Norway joined the Global Biodiversity Information Facility (GBIF) in 2004 and established the Norwegian participant node, GBIF Norway, at the Natural History Museum in 2005. The mission of GBIF Norway is to make information from Norwegian collections and other sources available to the international GBIF network and to coordinate GBIF-related activities in Norway. We actively work on improving the quality of the data sets published in GBIF from Norway. GBIF Norway cooperates closely with Artsdatabanken (Norwegian Biodiversity Information Centre). In November 2007, we set up a joint map-based portal which delivers Norwegian species data: Artskart (Species Map Service).

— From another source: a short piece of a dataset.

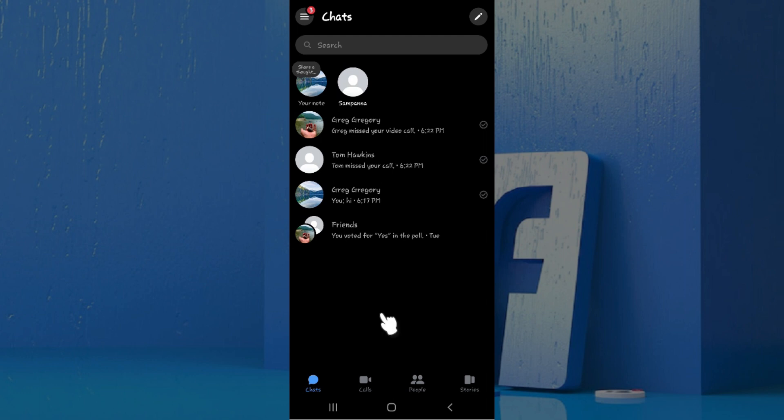As you can see I've already logged into my account. In case you have not, do login right now and what I would always prompt is updating your messenger app to the latest version. Now let's begin.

GBIF Norway contributes to the teaching at the Natural History Museum at the University of Oslo with focus on accessing species occurrence data using the GBIF portal and the Norwegian Species Map Service (Artskart) and provide support for the use of species occurrence data in research activities. GBIF Norway has developed a data portal and data validation service for the natural history collections at the University museums in Norway. This tool is now made available for all the Norwegian occurrence data sets published to GBIF. GBIF Norway has together with international partners contributed to the development a citizen science transcription portal allowing anybody from the natural history interested public to contribute with registration of label information from photographs of museum specimens from the Natural History Museum in Oslo. GBIF Norway also provides a platform for implementing persistent and resolvable identifiers for specimens in the Norwegian natural history collections. In total Norwegian data nodes provides (status January 2017) 22.6 million records from 127 databases at more than 35 Norwegian institutions to the GBIF network. The global GBIF portal includes (status January 2017) 703 million records from 30 831 databases at more than 865 data nodes worldwide. We have identified a total of 112 scientific papers with researchers from Norwegian institutions, (of which 19 papers are published in 2016), citing the reuse of GBIF-mediated data
GBIF-Norway shall co-ordinate internal (national) activities with GBIF
work programs, and participate in the Norwegian delegation in the GBIF
Governing Board which consists of delegates from all countries and
organisations that join GBIF.
GBIF-Norway will, in close co-operation with the Norwegian Biodiversity Information Centre (Artsdatabanken) and the other university natural history museums,
aim at:
-make primary biodiversity data from Norwegian natural history museums, research institutions
and other sources available to the GBIF network
-standardize and perform quality control and enhancements of the handled data
-further develop web interfaces for access to Norwegian biodiversity data
-further develop the research field of biodiversity predict ion modeling in Norway through own research, making key ecological data available, and by giving yearly workshops.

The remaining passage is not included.